DATA:
***
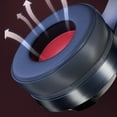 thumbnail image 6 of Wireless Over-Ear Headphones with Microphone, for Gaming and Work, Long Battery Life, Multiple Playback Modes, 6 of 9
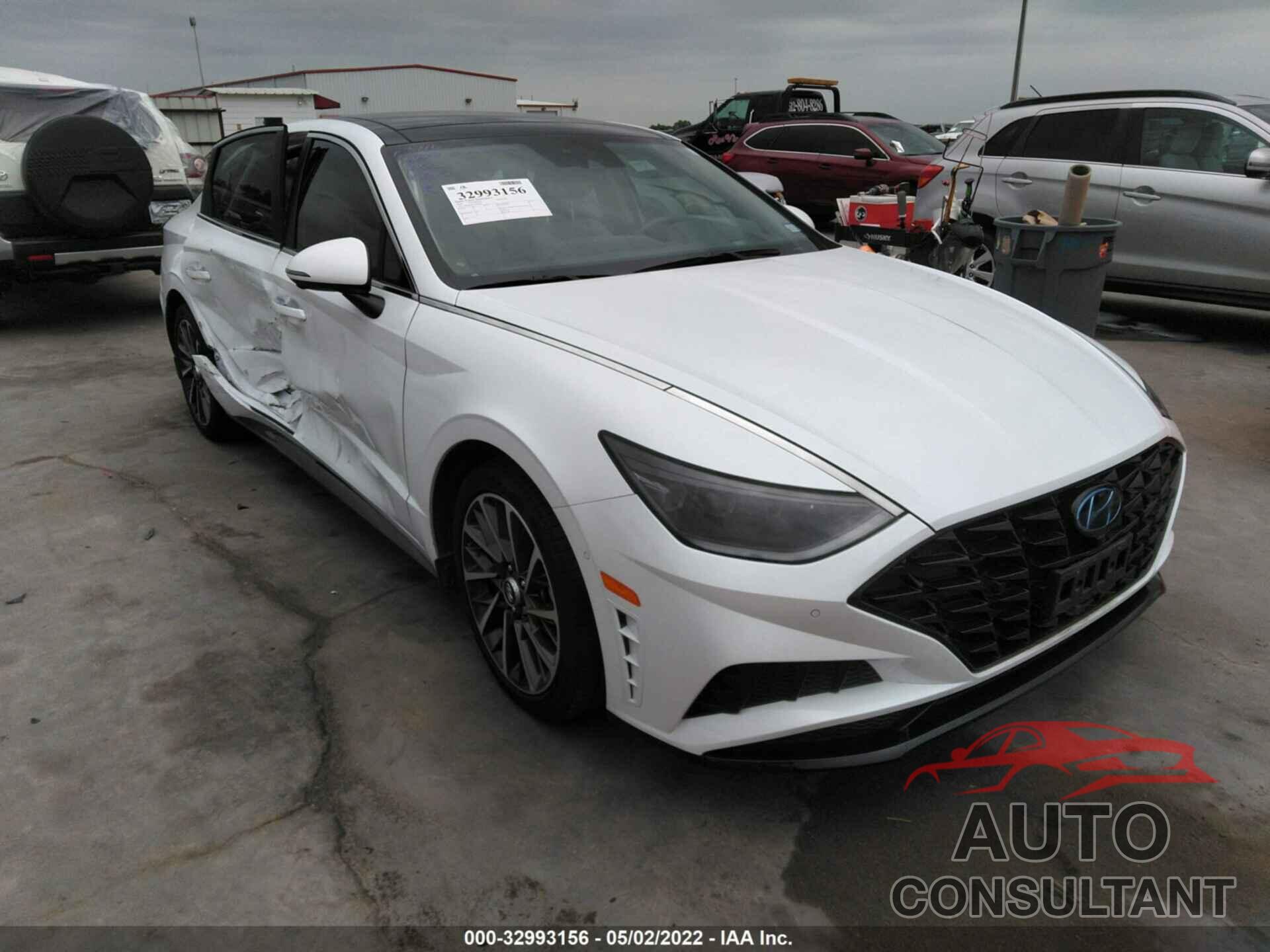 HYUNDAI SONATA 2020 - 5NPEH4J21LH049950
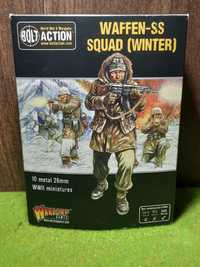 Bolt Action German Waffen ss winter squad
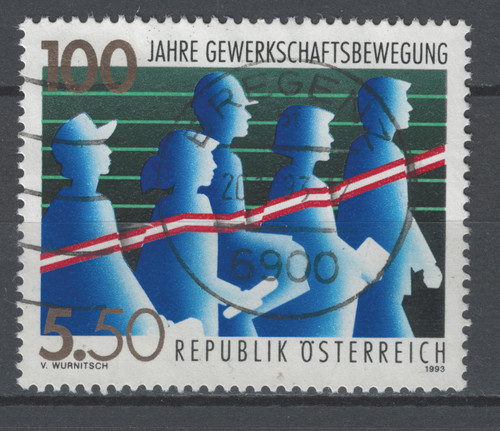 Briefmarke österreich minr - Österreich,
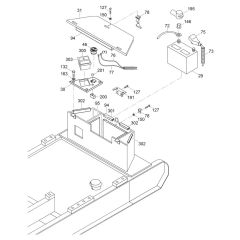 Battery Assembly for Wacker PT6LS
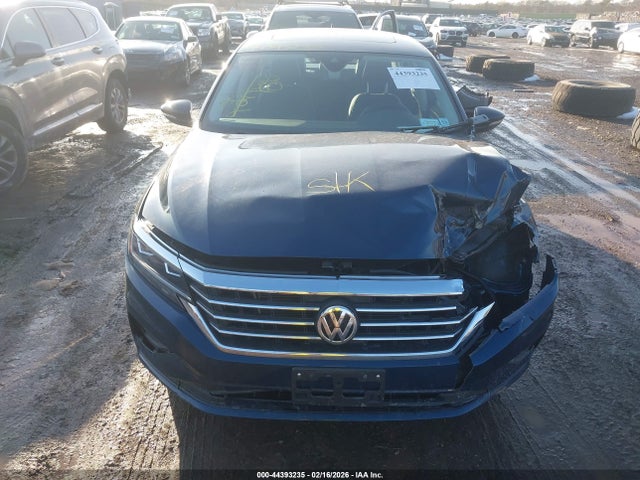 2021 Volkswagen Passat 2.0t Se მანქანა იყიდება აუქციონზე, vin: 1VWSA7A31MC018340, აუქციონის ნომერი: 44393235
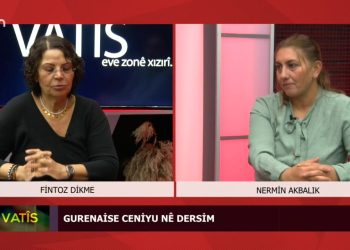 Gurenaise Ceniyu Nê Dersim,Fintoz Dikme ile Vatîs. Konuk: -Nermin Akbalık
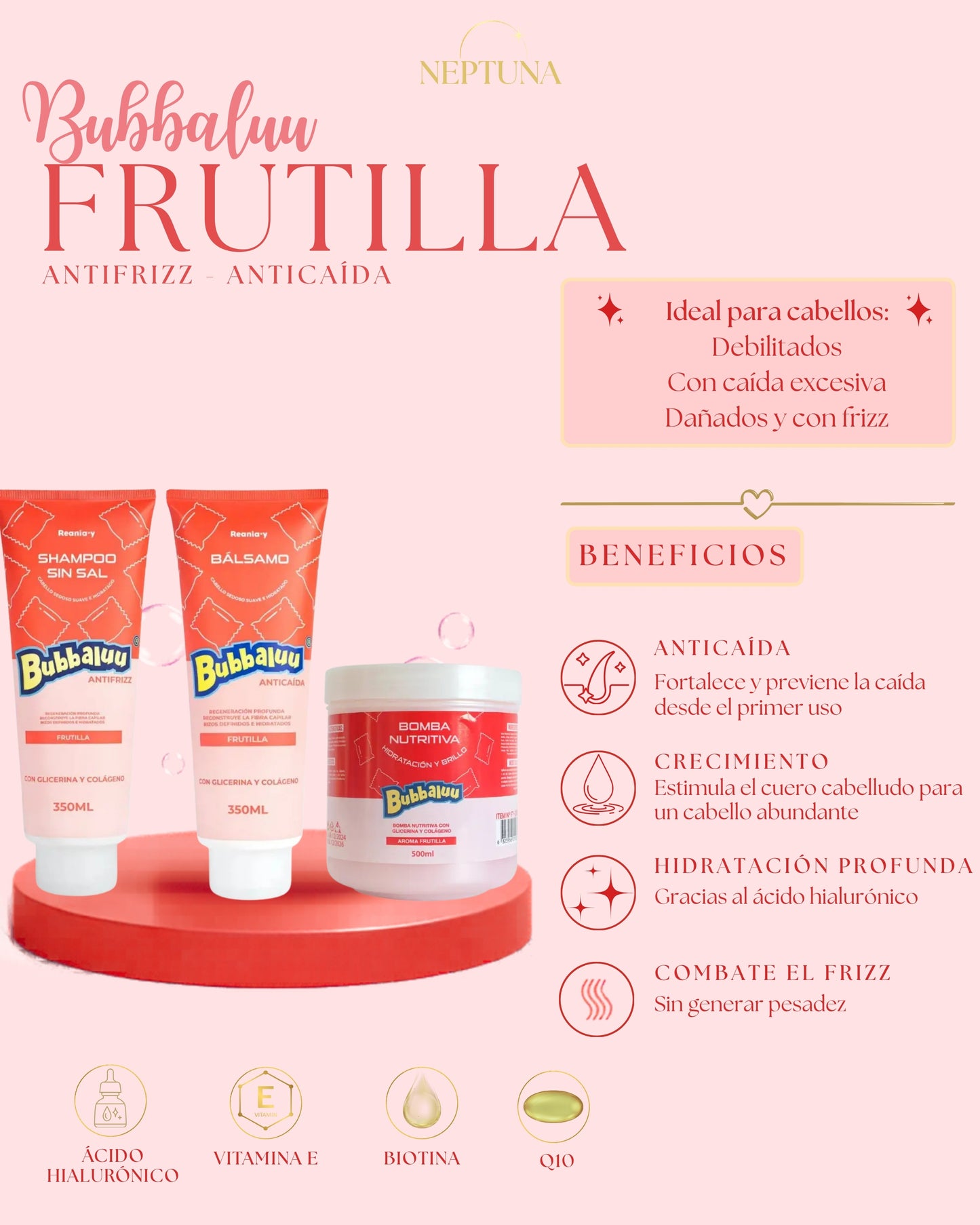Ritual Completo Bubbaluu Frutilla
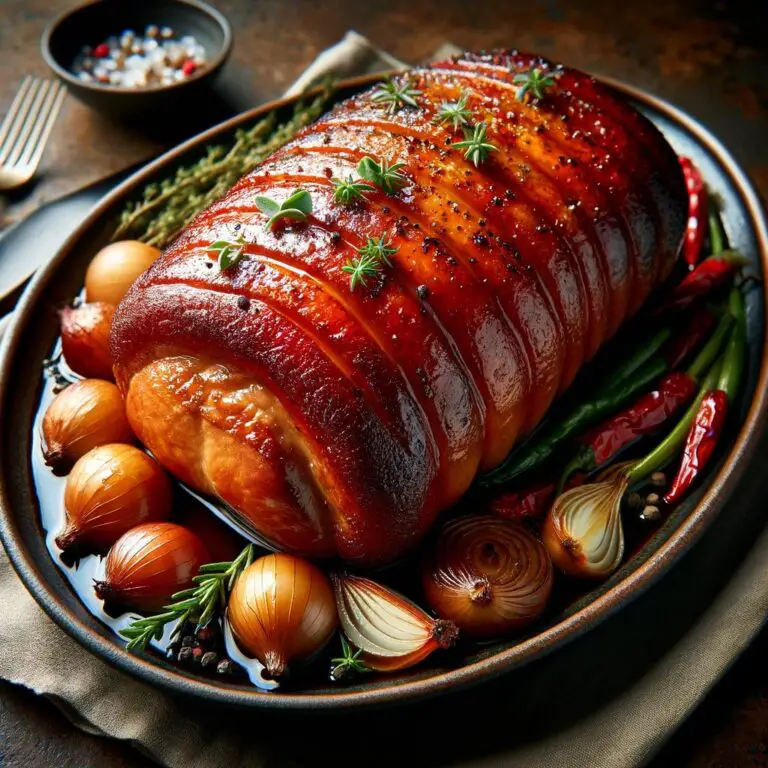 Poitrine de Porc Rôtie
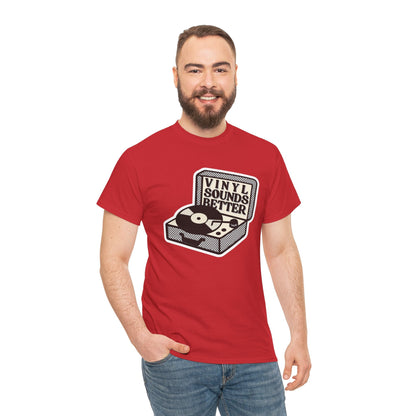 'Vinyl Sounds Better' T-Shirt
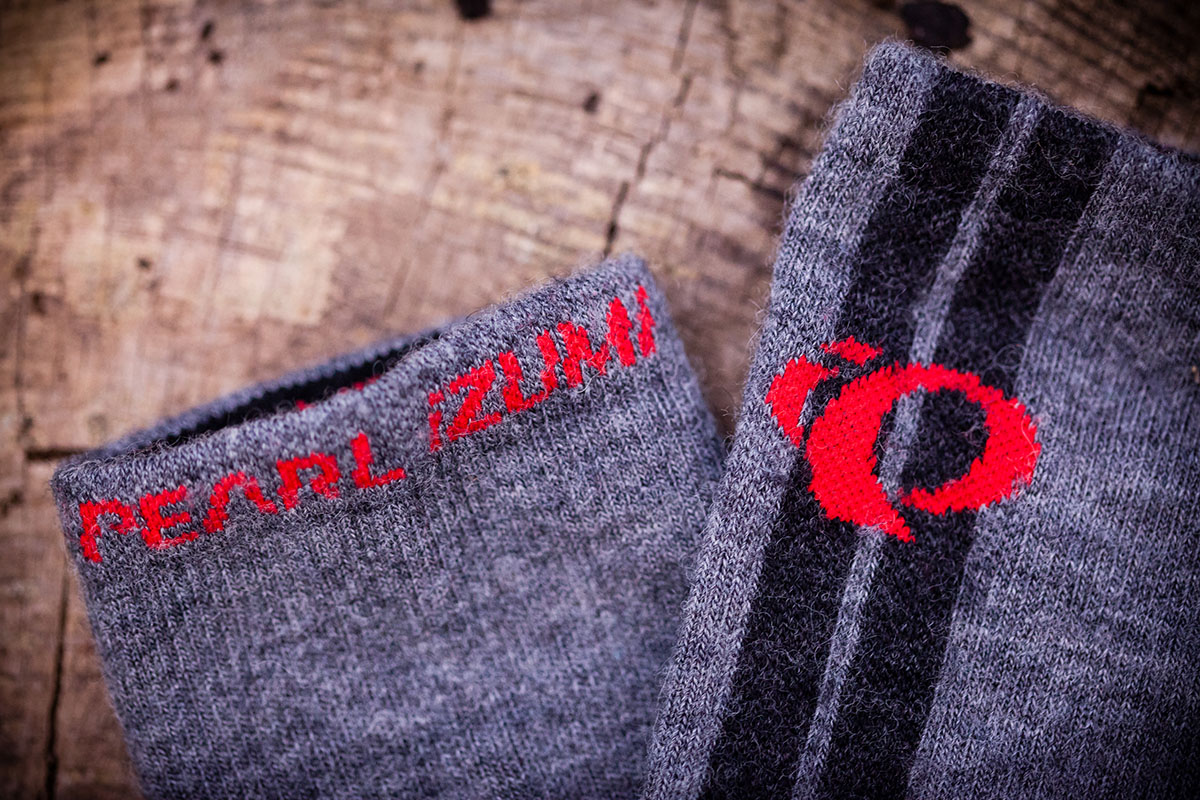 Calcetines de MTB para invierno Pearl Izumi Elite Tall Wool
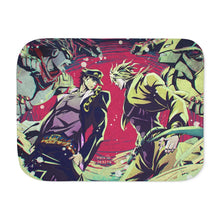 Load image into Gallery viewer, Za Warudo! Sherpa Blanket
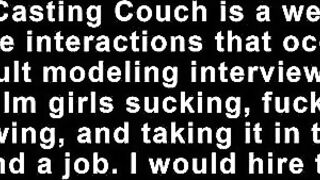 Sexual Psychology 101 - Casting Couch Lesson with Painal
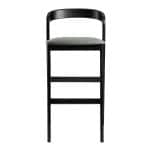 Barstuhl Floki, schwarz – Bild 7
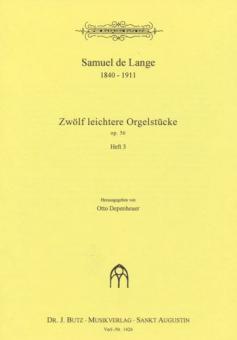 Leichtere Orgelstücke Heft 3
***
EXERCISE OBJECTIVE: Omit pictures and output the listing exactly.

RESPONSE TO THIS EXERCISE:
 thumbnail image 6 of Wireless Over-Ear Headphones with Microphone, for Gaming and Work, Long Battery Life, Multiple Playback Modes, 6 of 9
 HYUNDAI SONATA 2020 - 5NPEH4J21LH049950
 Bolt Action German Waffen ss winter squad
 Briefmarke österreich minr - Österreich,
 Battery Assembly for Wacker PT6LS
 2021 Volkswagen Passat 2.0t Se მანქანა იყიდება აუქციონზე, vin: 1VWSA7A31MC018340, აუქციონის ნომერი: 44393235
 Gurenaise Ceniyu Nê Dersim,Fintoz Dikme ile Vatîs. Konuk: -Nermin Akbalık
Ritual Completo Bubbaluu Frutilla
 Poitrine de Porc Rôtie
 'Vinyl Sounds Better' T-Shirt
 Calcetines de MTB para invierno Pearl Izumi Elite Tall Wool
 Load image into Gallery viewer, Za Warudo! Sherpa Blanket
 Sexual Psychology 101 - Casting Couch Lesson with Painal
 Barstuhl Floki, schwarz – Bild 7
 Leichtere Orgelstücke Heft 3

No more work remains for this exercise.